То, что думал и что пытался сделать трезвомыслящий человек, пытаясь избежать начала войны, он не мог написать, не навлекая опасность на себя, на других и на течение событий. Вот почему любая запись того, что происходило в Германии в связи с попытками предотвратить войну, всегда оказывается бедной по содержанию и изобилует пробелами.
Решающим же для меня оказался тот факт, что, несмотря на все случавшиеся неудачи, надежда на сохранение мира все же оставалась. Хотя борьба с происходившим воспринималась как безнадежное дело, тем не менее мне казалось, что эту борьбу следует продолжать и что каждый должен сделать все, что от него зависит.
Вина за начало войны усугубилась виной за продолжение войны. Проклятие, сопровождавшее дурное дело, должно было обернуться против того, кто его задумал, и закончиться ужасным концом. Спустя шесть недель после того, как разразилась эта война, я назвал ее «величайшей и самой непростительной катастрофой в современной истории Германии». Стало очевидно, что в надвигающемся поражении правительство рейха не станет щадить германский народ, ведь и сами члены правительства чувствовали, что их вот-вот пригвоздят к столбу.
Политический ход событий во время войны (особенно к концу, когда Гитлер просто держался, пытаясь выжить) не сохранился так отчетливо в памяти, как период ему предшествующий. От отставки меня удерживало только желание попытаться изменить течение этих разрушительных событий с помощью иностранных держав, прежде всего тех, которые занимали нейтральную позицию, а также с помощью той оппозиции, которая существовала внутри Германии. Но в моих записях, относящихся к 1939 – 1943 годам, практически нет об этом информации. Начиная с первых дней войны вся моя деятельность была направлена на восстановление мира. И все попытки оказались напрасными. Voluisse sat est{Желания недостаточно (лат.).}.
Когда Англия и Франция объявили войну, генерал Кейтель сказал мне: «Как только мы займем Польшу, Англия и Франция заключат мир, ибо не останется целей, ради которых следовало бы воевать». Возможно, реплика принадлежала не Кейтелю, а его хозяину и господину (то есть Гитлеру). Что же касается вторжения в Польшу, то здесь он оказался прав. Весь мир был поражен достижениями германского вермахта.

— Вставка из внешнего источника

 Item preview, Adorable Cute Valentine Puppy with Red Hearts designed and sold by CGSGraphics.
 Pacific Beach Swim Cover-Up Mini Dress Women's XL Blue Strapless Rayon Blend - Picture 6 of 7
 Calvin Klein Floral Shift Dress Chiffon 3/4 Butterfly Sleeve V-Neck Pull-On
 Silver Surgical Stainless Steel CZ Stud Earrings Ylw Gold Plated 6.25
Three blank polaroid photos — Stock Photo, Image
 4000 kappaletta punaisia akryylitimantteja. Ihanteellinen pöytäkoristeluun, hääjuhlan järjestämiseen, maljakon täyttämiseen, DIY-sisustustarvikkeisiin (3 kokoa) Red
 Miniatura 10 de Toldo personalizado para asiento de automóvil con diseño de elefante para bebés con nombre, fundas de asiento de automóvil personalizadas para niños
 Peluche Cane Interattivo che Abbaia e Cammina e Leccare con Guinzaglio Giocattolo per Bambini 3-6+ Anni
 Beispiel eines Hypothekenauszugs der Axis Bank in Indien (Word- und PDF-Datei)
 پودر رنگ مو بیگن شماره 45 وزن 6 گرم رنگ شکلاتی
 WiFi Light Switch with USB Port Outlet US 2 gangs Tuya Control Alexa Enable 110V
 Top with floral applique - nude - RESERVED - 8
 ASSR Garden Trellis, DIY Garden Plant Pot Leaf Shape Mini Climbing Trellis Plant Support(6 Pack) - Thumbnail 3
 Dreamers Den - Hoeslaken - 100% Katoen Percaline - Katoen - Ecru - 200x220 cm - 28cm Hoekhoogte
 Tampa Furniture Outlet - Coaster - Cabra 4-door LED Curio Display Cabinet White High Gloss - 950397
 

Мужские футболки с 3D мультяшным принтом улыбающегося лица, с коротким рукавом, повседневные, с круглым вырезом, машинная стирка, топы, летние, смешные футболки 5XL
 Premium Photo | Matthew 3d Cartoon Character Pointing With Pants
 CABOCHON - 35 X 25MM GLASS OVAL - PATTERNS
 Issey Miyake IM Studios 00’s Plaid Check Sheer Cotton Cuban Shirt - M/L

Я не могу сказать, чья в этом заслуга. В октябре 1939 года Риббентроп говорил, что работа военного руководства совершенно не отвечает требованиям времени, так что лавры победителя принадлежат только Гитлеру. (Заслуга прежде всего Генерального штаба сухопутных войск, по-прежнему, как и в Первую мировую, работавшего как хорошо отлаженная машина, отлично подготовленного офицерского и унтер-офицерского корпуса и рядовых солдат, знающих, за что они воюют и умирают. – Ред.)